> PROBLEM REQUIREMENTS
Transcribe the data as written, minus images.

> GIVEN INFORMATION
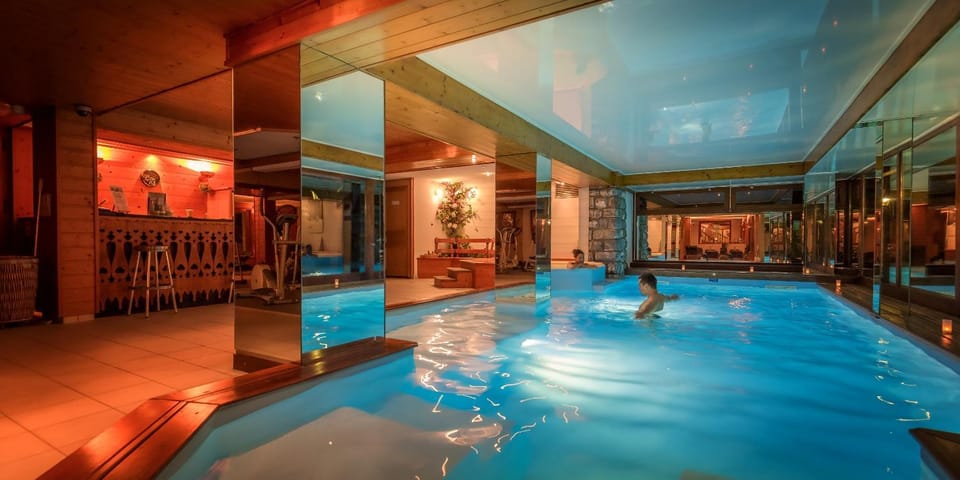 Swimming pool, Swimming pool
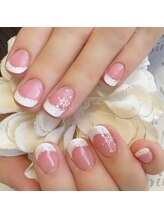 ヘアー ユニバース(HAIR UИIVERS)/フレンチ+ラメ+雪の結晶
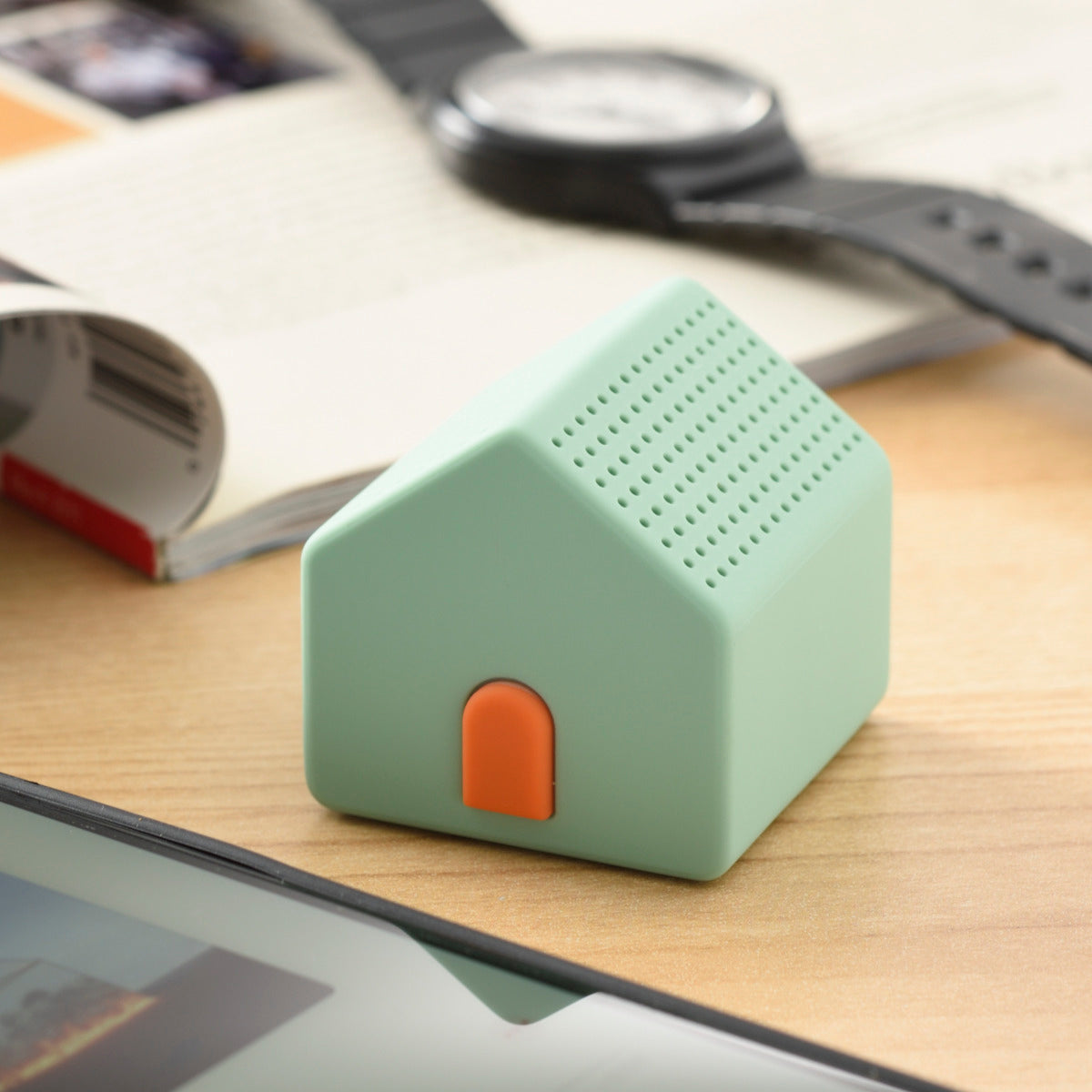 BRUNO Bluetoothスピーカー ハウス USB充電 ハンズフリー 防水 55g コンパクト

> EXERCISE RESULT
 Swimming pool, Swimming pool
 ヘアー ユニバース(HAIR UИIVERS)/フレンチ+ラメ+雪の結晶
 BRUNO Bluetoothスピーカー ハウス USB充電 ハンズフリー 防水 55g コンパクト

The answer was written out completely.